I sent the above comments to Laurie Rudman, a researcher who works in related areas, and she agreed that assessing and analyzing cross-cultural data can be difficult. Rudman pointed me to this paper, “Mind the level: problems with two recent nation-level analyses in psychology,” by Toon Kuppens, and Thomas Pollet, that raises some of these issues (although not with the Kaiser paper discussed above).

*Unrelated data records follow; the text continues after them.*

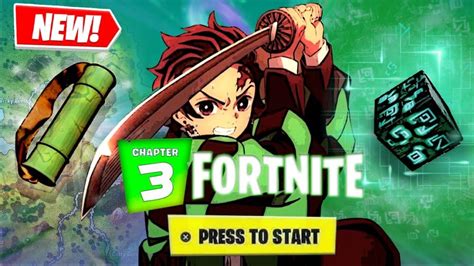 Fortnite X Demon Slayer Big Leaks for Chapter 6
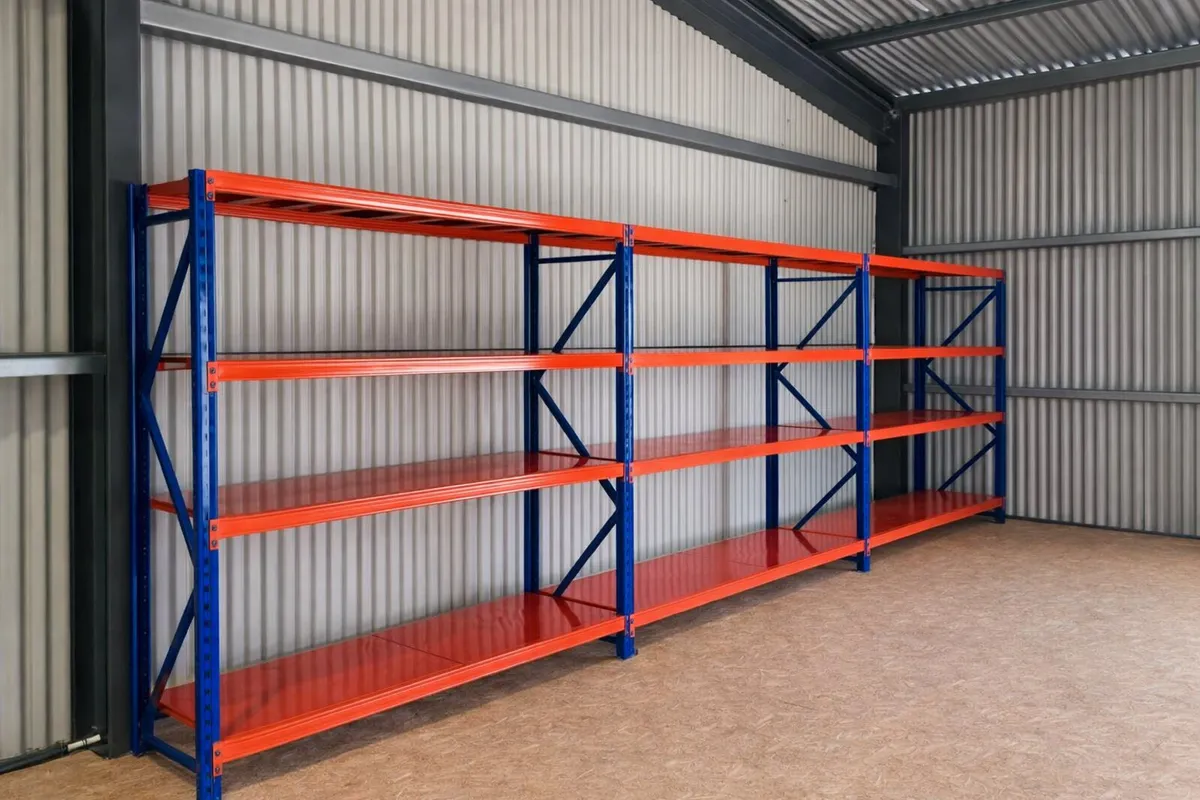 Longspan Shelving Racking - New - Free Delivery - Image 1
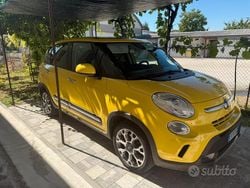 Giallo Usata 2014 Fiat 500L Trekking Monovolume | 10.000 € (Buon prezzo)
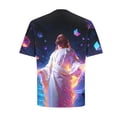 thumbnail image 5 of COSFO Jesus T Shirts for Men Short Sleeve Easter Tops Crew Neck Pullover Holiday Mens Graphic Tees, 5 of 6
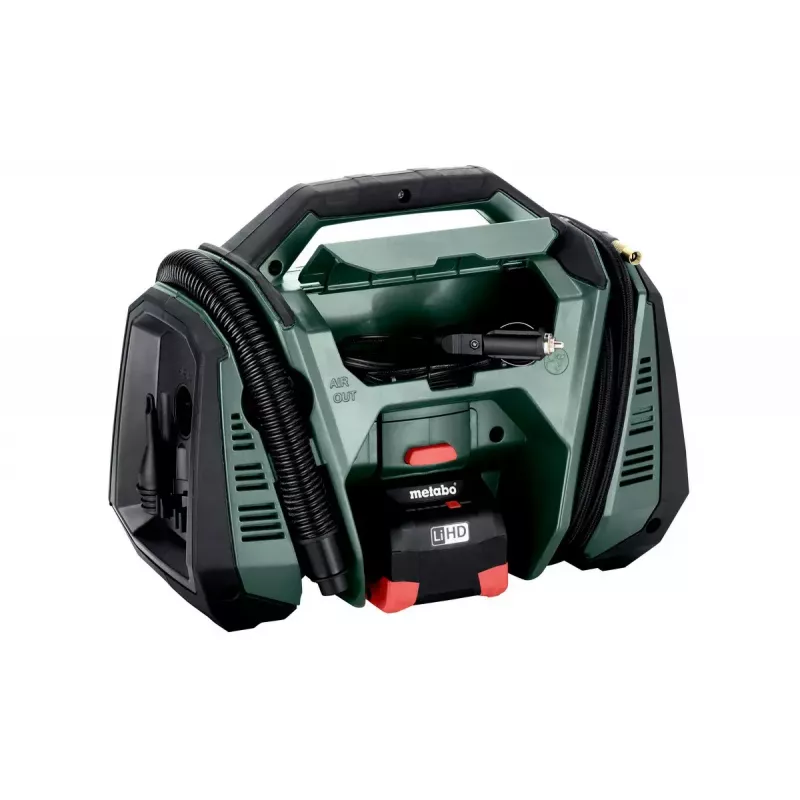 Luchtcompressor Metabo AK 18 MULTI 16 l/min 11 bar batterij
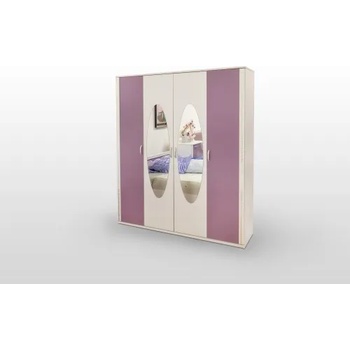 Image 1 of Мебелна фабрика НОВ ДОМ - гр. Ямбол Гардероб Мони (978)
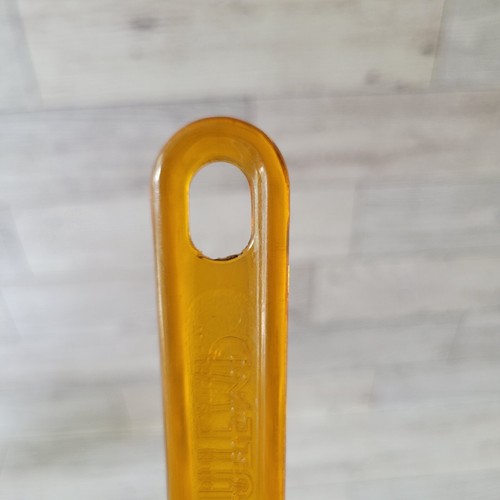 Vtg Robinson Knife Ultratemp Slotted Spatula Serrated Edge Amber 2101 Ultra Temp - Picture 14 of 15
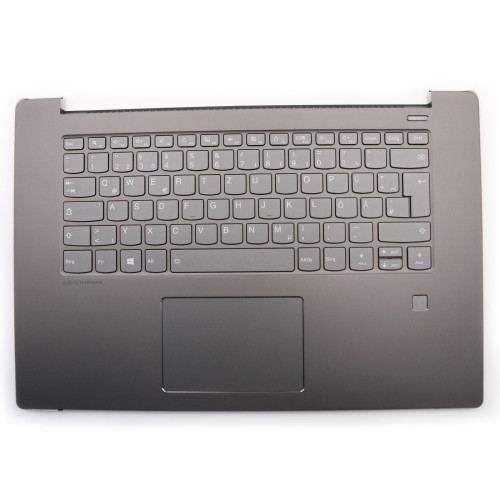 Lenovo ideapad 530S-15IKB 5CB0R12222 gray backlit German DE keyboard palmrest - main product image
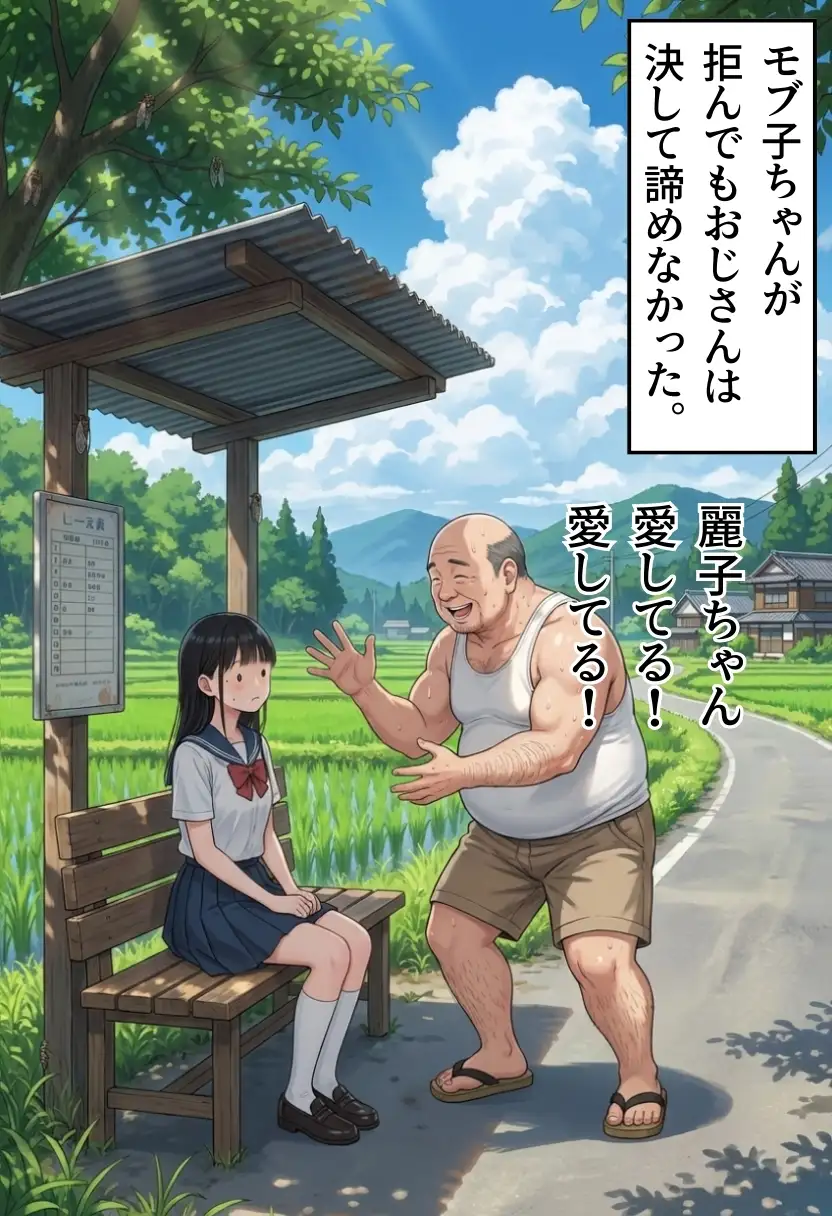 【僕のNTR夏休み】あの日見た種付けプレスを僕はまだ忘れられない6巻モブ顔編 24ページ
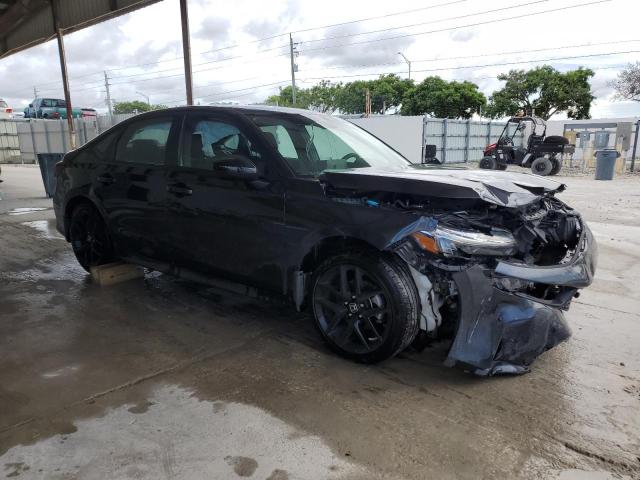 2HGFE2F52SH518685 - 2025 HONDA CIVIC SPORT გრაფიტი ფოტო 4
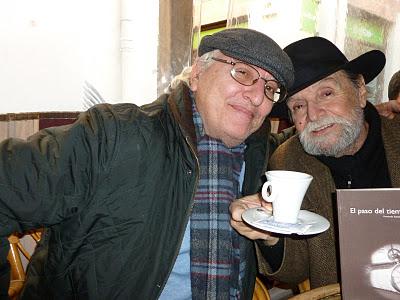 UNA TARDE DE CAFÉS Y POESÍA EN ALCALÁ DE HENARES con MARTÍN Poni MICHARVEGAS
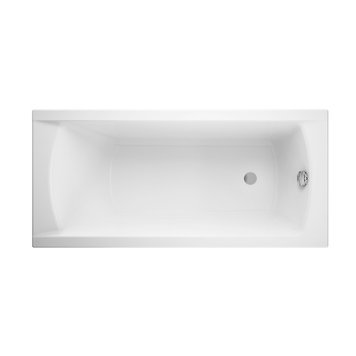 Ванная акрилова з ніжками CERSANIT KORAT S301-120, 150x70, білий 800001475 фото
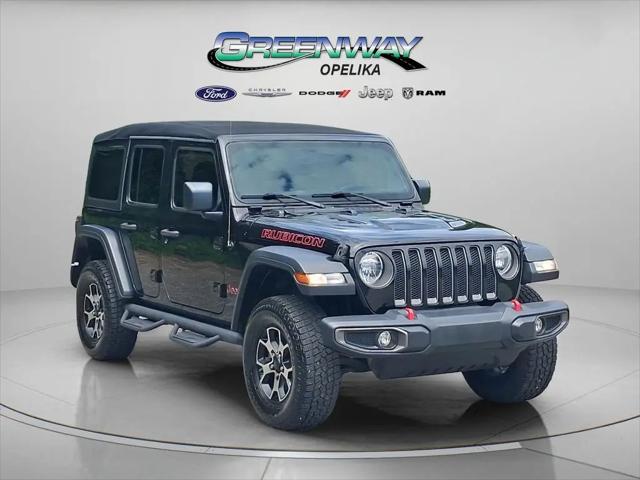 2020 Jeep Wrangler Rubicon 4x4 for sale in Opelika, AL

P.S. The journalist asked for some clarifications, so I added these points:

What is the Mahalanobis D? When comparing two groups (for example. male and female survey respondents) on a single variable (for example, height), you can just take the difference and report, say, that on average men are one standard deviation taller than women, or whatever it is. When comparing two groups on multiple variables (for example, several different personality assessment survey responses), you can construct a “multivariate distance measure.” Mahalanobis D is one such measure. Bigger numbers correspond to larger average differences between men and women in whatever variables are measured. In the above-linked paper, my issue with the Mahalanobis D was not how it was defined, but rather with the data used to compute it. I’m concerned (a) that the responses to the survey questions will have different meanings in different countries, (b) that there will be nonresponse bias due to the overrepresentation of English-speaking internet users, and (c) that these issues will be correlated with key variables in the study.
Regarding the point about biological differences: Part of my concern is that I don’t really know what is meant by “biological gender differences” in this context. My other concern is that the conclusions of the paper relate to things not measured in the paper. For example, the paper refers to discrimination, but there’s nothing in the data about discrimination. And the paper refers to a gender equality policy, but there’s nothing in the paper about gender equality policies. Just in general, I’m wary about conclusions that don’t directly connect to the data.